The 1st in a series of short monthly essays
INVESTING IN PROPOSED WELLS
IN THE OIL AND GAS BUSINESS
This is often
very different from investing in, say, a company that makes things people buy: compared to the manufacturer/retailer, where sales go up and down. You can, and often do, lose your entire investment with a dry hole.
So why invest in proposed wells at all? You ought not do so if, when the well is dry, you're left short of cash. Drilling wells is definitely not for those incapable of handling high risk. Companies in the exploration and development business often factor in dry holes at the start, realizing that it is only "down the road" that they may realize any revenue stream at all.
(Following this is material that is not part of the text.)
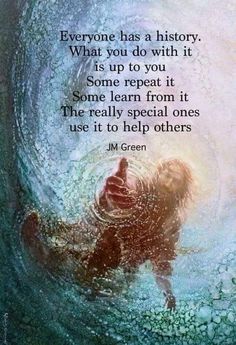 an image of a person swimming in the water with a quote from j m green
I remember one Chicago money raiser telling me that, after a string of dry holes, he called his disappointed investors in for a meeting. Instead of apologizing, he opened the meeting with the suggestion that all those who did not want to continue should leave the meeting right away. Too brusque? Not really. This was an immediate
reiteration of high risk and the money raiser was doing his investors a favor. (I think this group has drilled some good wells since then.)
People invest in wells for tax reasons. And for other reasons. Most because they want to make a lot of money. And if a well or wells do
well, lots of money of course can be made. But first look at your personal balance sheet.
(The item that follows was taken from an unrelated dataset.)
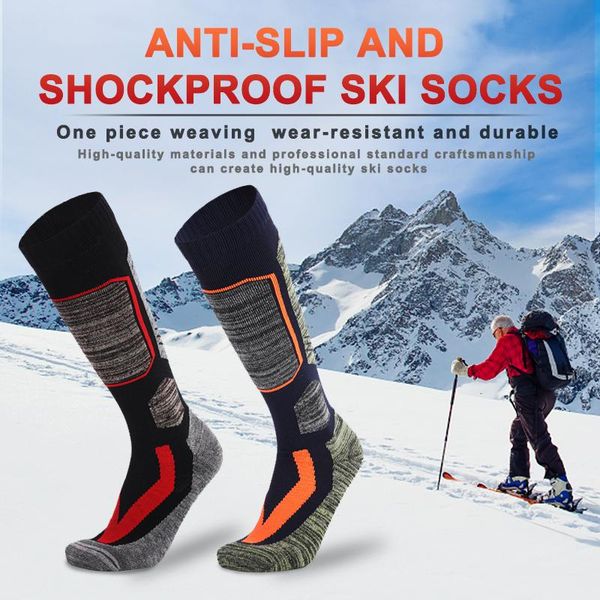 sports socks ski winter keep warm thermal cycling skiing soccer long sock men outdoor snowboard anti-slip, Black
sports socks ski winter keep warm thermal cycling skiing soccer long sock men outdoor snowboard anti-slip, Black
It's best to invest in outfits who have been around a while and done a bunch of drilling (a "track record") and have good reputations. Do
some due diligence. Such companies ought to have a mixed program, i.e. a mix of "development" wells drilled near already discovered oil and gas fields where risk is relatively lower and exploratory wells where risk is greatest.
Activities in the oil patch have generated, unfortunately, lots of well
-earned stories about inflated predictions and smooth talking promoters cheating people out of their savings.
But it takes two to tango.
(Let me know what you'd like to hear about)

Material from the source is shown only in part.